From an evolutionary sense, anger makes sense. It might have sent civilization teetering off balance, but in individuals, it insures that you got enough to eat and a good seat by the fire, not to mention a better shot at having your chromosomes play in the genetic pool. Like most stuff that did us all a great deal of good out there on the savannahs before civilization, its value didn’t translate simply from pre-history, to post-. That’s a good way to look at Mike Binder’s film, THE UPSIDE OF ANGER, in which he parses the emotion with a devilishly refreshing insight.
It begins with a funeral, we don’t know whose, and a narrator telling us that the striking blonde woman (Joan Allen) on whom the camera is focusing is her mother, the nicest woman in the world. Or at least she was. The rest of the film is a flashback leading back to that moment and showing in sometimes uncomfortable detail how Terry, the striking blond, changed into a woman who wasn’t so nice, but was finally at peace. Thus begins one of the most intelligent, most honest, most moving dissections of human interaction to hit the screen in a long time, and also one of the funniest.
Flashback to how it all began. Terry, unsteady from shock, anger, and perhaps a little of the alcohol that will plague her days in the months to come, announces over the breakfast to her three daughters that their father is gone. In the dead of night, he’s slipped from their lives in order to run off to Sweden with his secretary. The daughters, each dealing with varying degrees of anger over this and over the everyday stuff of their lives, pull together, pull apart, and play interesting practical jokes involving the family dog.

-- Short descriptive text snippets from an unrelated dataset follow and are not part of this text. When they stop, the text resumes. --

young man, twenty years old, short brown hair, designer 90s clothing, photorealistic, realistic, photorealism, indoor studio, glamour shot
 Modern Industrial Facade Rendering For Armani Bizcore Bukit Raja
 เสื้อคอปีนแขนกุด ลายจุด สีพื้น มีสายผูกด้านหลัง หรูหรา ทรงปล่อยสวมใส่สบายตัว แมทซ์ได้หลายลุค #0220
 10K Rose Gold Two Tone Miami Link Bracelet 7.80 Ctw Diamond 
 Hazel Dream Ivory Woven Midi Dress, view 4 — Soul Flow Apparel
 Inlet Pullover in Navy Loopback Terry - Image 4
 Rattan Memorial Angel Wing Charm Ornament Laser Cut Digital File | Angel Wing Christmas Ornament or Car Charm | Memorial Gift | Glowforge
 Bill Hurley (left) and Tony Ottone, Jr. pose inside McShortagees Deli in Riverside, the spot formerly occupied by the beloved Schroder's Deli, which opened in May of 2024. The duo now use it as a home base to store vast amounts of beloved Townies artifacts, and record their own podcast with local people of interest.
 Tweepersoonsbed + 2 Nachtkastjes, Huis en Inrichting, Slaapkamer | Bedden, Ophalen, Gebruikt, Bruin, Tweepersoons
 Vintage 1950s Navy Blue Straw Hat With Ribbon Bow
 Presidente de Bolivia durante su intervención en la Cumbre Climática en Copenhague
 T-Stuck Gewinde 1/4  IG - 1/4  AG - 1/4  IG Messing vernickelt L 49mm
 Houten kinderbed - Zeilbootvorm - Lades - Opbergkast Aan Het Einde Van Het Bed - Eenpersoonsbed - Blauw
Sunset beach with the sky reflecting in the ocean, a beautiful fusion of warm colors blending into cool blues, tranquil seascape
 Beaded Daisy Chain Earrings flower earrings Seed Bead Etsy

As for Terry, she gets caught up in the land dispute involving her erstwhile husband and their neighbor, Denny (Kevin Costner), a guy who has resigned himself to the fact that he lived his dream but somehow missed the boat. He’s an ex-jock with a sports radio show in which he refuses to discuss sports, a model home which he treats like a closet, and boundary issues that find an unlikely target in Terry. She has loathed him for a variety of reasons for a very long time, but when Denny turns on his peculiar brand of charm, she finds the loathing is still there, but it’s acquired an unlikely companion: lust. Is it the awakening of long dormant feelings? Is it revenge on her absent spouse? Is it an externalization of the self-loathing she feels over being abandoned? The magical thing to Allen’s performance is that it could be any or all of them and each rings equally true.
Allen gives the performance of her already impressive career as she gets to the essential truth of a woman at loose ends when her world falls apart. Her Terry is a classy, acerbic, only slightly klutzy lush whose problem is that she sees life just a little too clearly. She can throw a temper tantrum without a word and encapsulate an hour’s worth of invective into 30 seconds. For his part, Costner turns in the best performance since his early career by abandoning the mythically heroic persona that inspires little aside from parody in favor of honest humanity with all its endearing foibles, flaws, and failings.
There are no cheap jokes here, nothing forced and nothing out of character for any of the players. Instead, Binder relies on the carefully constructed layers with which he’s endowed these people, so that they can make us laugh, surprise us, and move us to tears, sometimes all at once. Nothing better exemplifies that than the confrontation xxx has at one daughter’s wedding with the sleazeball whom one of her other daughters is dating. What each reveals to and about the other is a revelation that leaves everyone involved, including the audience, speechless and just a little off balance.
THE UPSIDE OF ANGER is suffused with brittle, dry humor, the kind wielded as sword and shield against the ravages of emotional pain too difficult or dangerous to be dealt with, but too overwhelming to be ignored. The ensemble cast never misses a step while walking the fine line of that humor and the emotional hunger that lurks urgently beneath it.